Ask HN: Do you feel guilty about getting paid for bugfixes? - mannicken

Well, I wrote an app for this company; the app passed all the QA tests on functionality it needed to do. However, after deployment in the real world, bug-reports have started to come in.<p>Of course, it is my job to fix them for hourly pay but I still feel like I haven't done a good enough job in the first place, to allow all these bugs in.<p>Anyone else feels/felt this way?
======
makecheck
Bugs will always be there; but you can maintain credibility in a few ways.
One, by showing that you do have solid tests (sounds like you do). Two, by
being frank with customers from the very beginning, about the imperfections of
software. And three, by showing haste, within reason, to fix any problems that
are discovered, to respect customers' time and investments.

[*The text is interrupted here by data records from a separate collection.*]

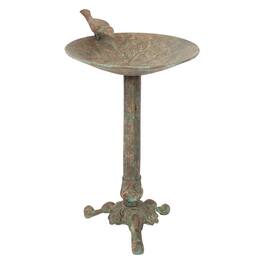 Sunnydaze - Ivy and Sage Metal Bird Bath - 12.25 in - Rustic Patina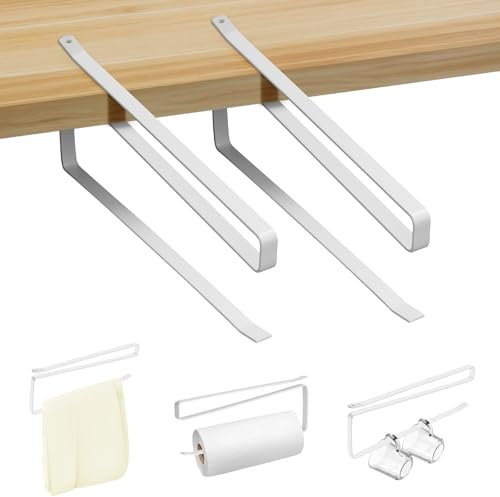 Vicloon Portarotolo da Cucina Senza Foratura, 2 Pezzi Porta Carta da Cucina Sottopensile, 26CM Porta Rotolo da Cucina, Portarotolo da Cucina Sotto Armadietto SUS 304 Acciaio per Cucina Bagno Armadi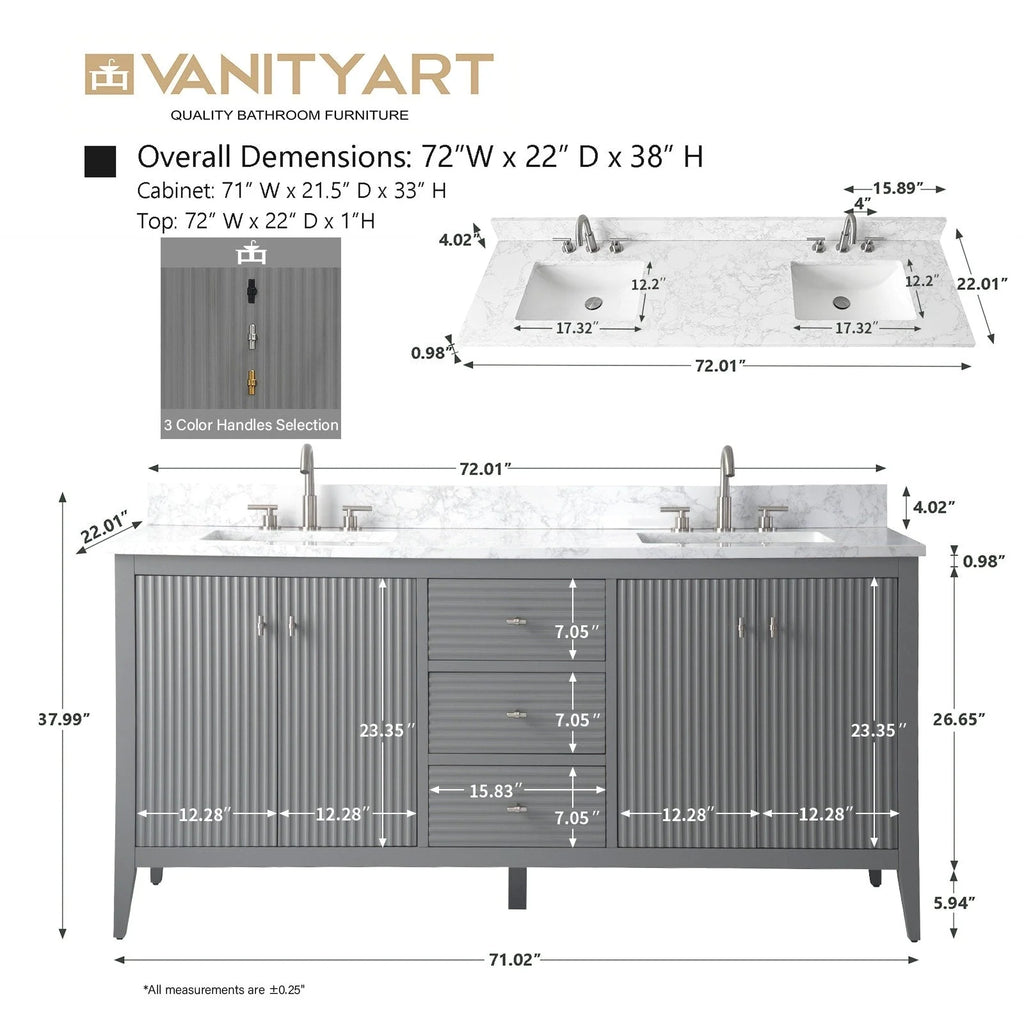 Mobile lavabo doppio Vanity Art 72 per bagno con piano in marmo composito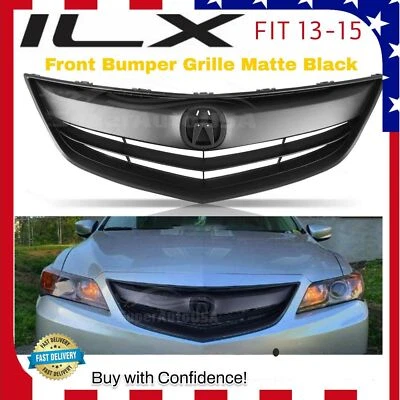 Conjunto de grade superior parachoque dianteiro Fit 2013-2015 Acura ILX preto fosco - Imagem 1 de 4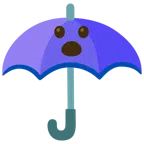 guarda-chuva + rosto com boca aberta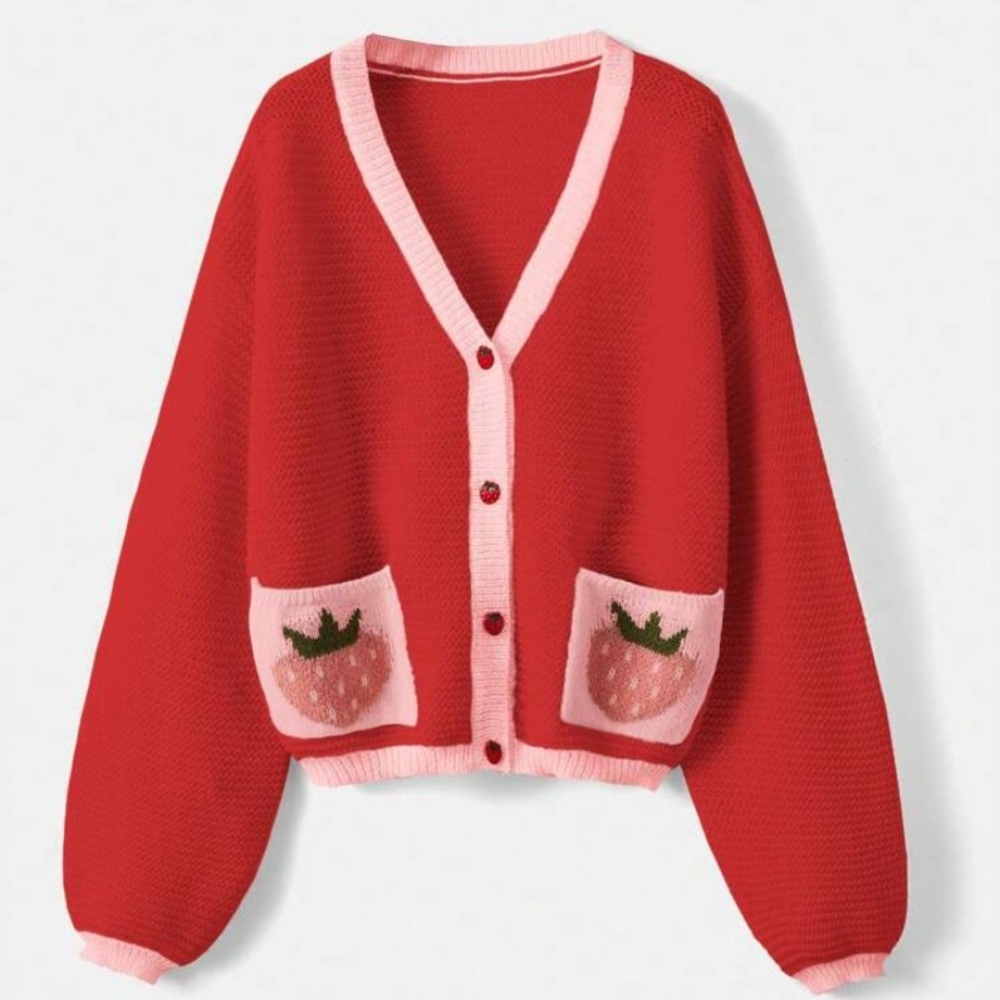 Women’s Pink and Red Strawberry Pattern Shoulder Drop Cardigan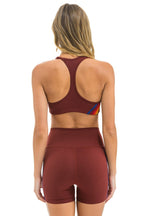 Classic 5 STRIPE RAINBOW 4 INCH HI-RISE BIKER SHORT - BRICK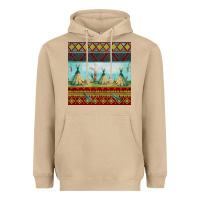 Mushroom teepe tent dreamcatcher totem pole seamless patter Heavyweight Hoodie - FaDigitalArtStudio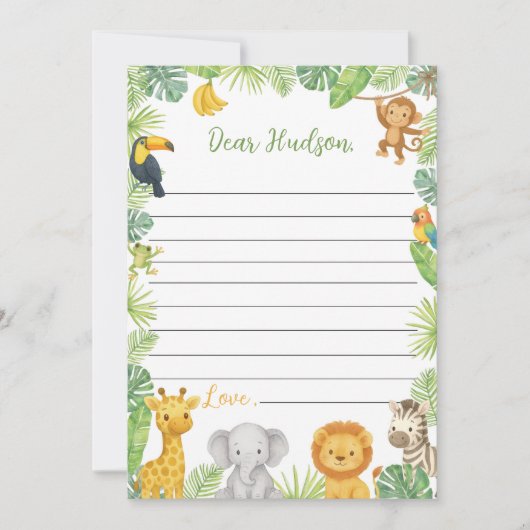 Safari Animals Time Capsule Note Message Card サンキューカード (正面)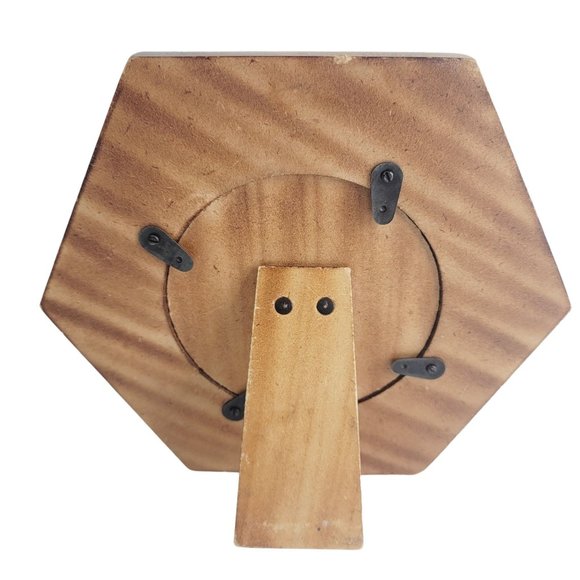 Pink Yellow & Orange Shell (?) and Wood Table Top Round Photo Picture Frame - Picture 5 of 8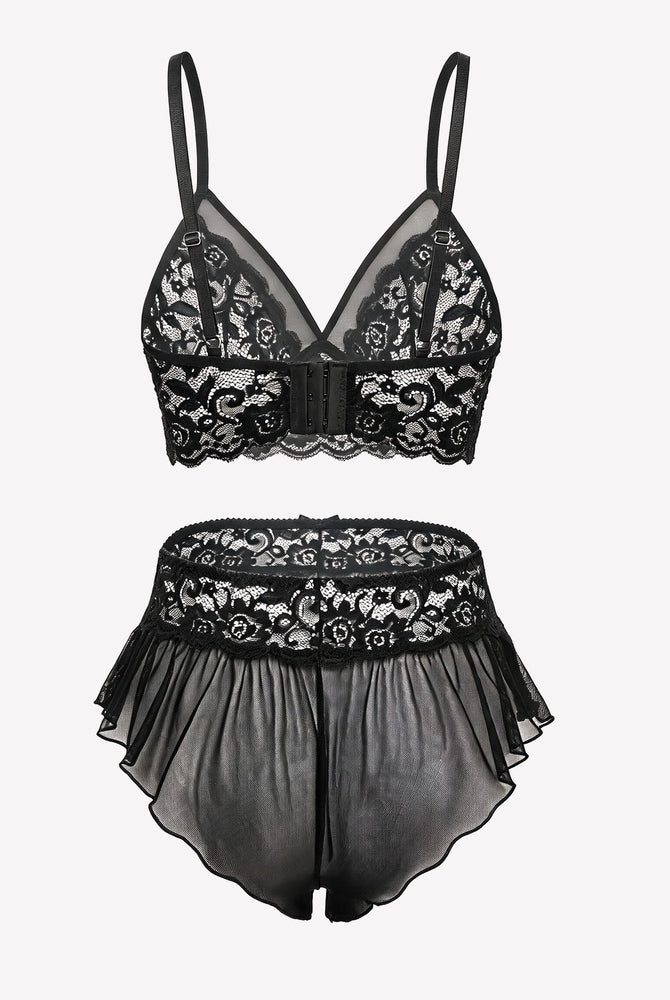 Black lace bralette and sheer ruffled skirt panty set, front view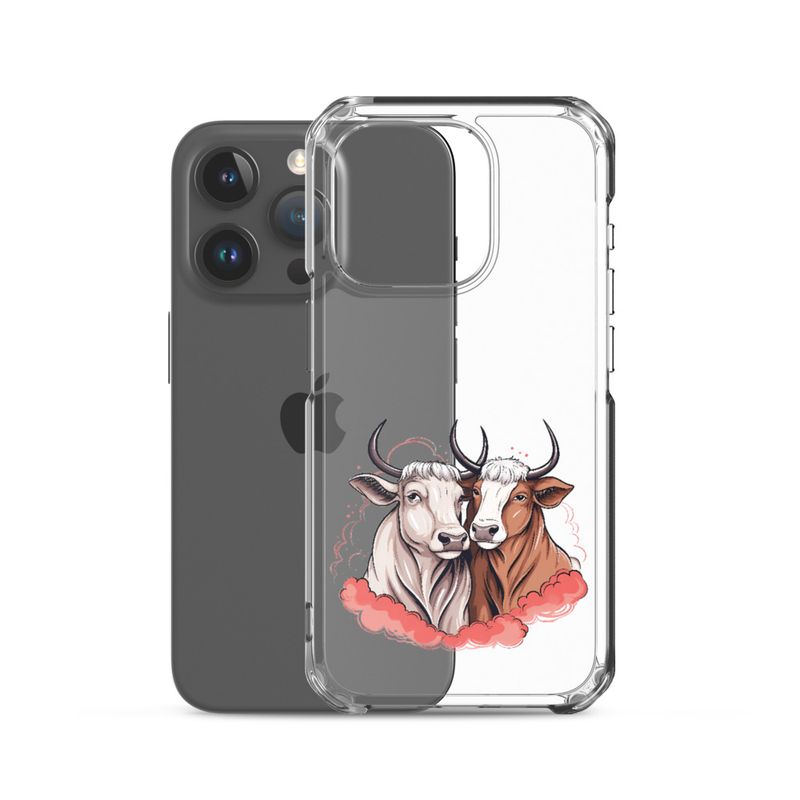 Clear Case for iPhone, Bull and cow, romantic, reddish clouds, qoucds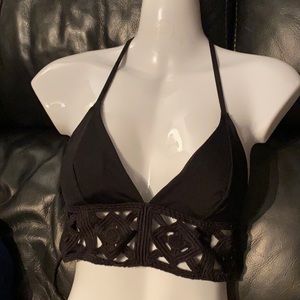 H&M (8) Black Halter Bikini Top...EUC!!!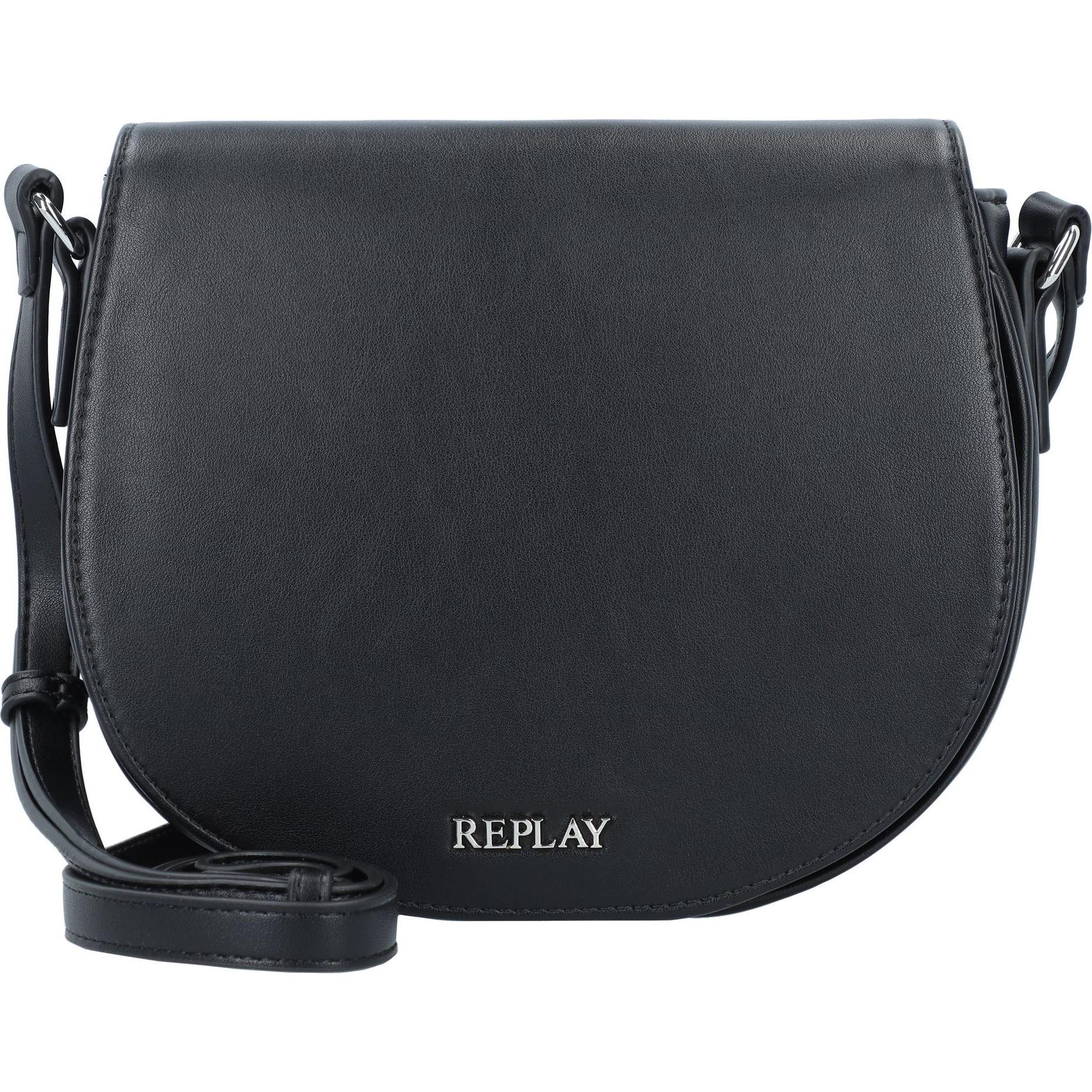 Replay, Handtasche, Umhängetasche 23 cm, Schwarz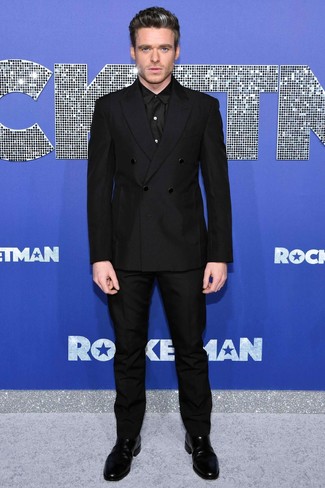 Richard Madden wearing Black Double Breasted Blazer, Black Dress Shirt, Black Dress Pants, Black Leather Chelsea Boots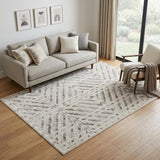 5' X 8' Ivory and Brown Geometric Power Loom Area Rug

Still, the owner of a software project cannot be naive. He or she must be
reasonably aware of the sources of the various bugs, and deal with any
patterns that are forming. For instance, maybe one developer is responsible
for the vast majority of problems. Not all developers are good; in fact, many
are quite bad, and don't belong anywhere near the code they're currently
maintaining.

------
dbul
This is just the nature of the software business. When I worked at CMU a good
portion of the app I was working on was fixing bugs. The more complex the
software, the higher the expectation that there will be bugs to fix (and
unexpected behavior caused by fixed bugs, sometimes!).

------
staunch
I have just billed for less hours than I worked in scenarios like this,
without telling the client (so that they don't feel entitled in the future).

------
gne1963
When I first started programming I was also an auto mechanic. I never felt
guilty for maintaining cars or programs.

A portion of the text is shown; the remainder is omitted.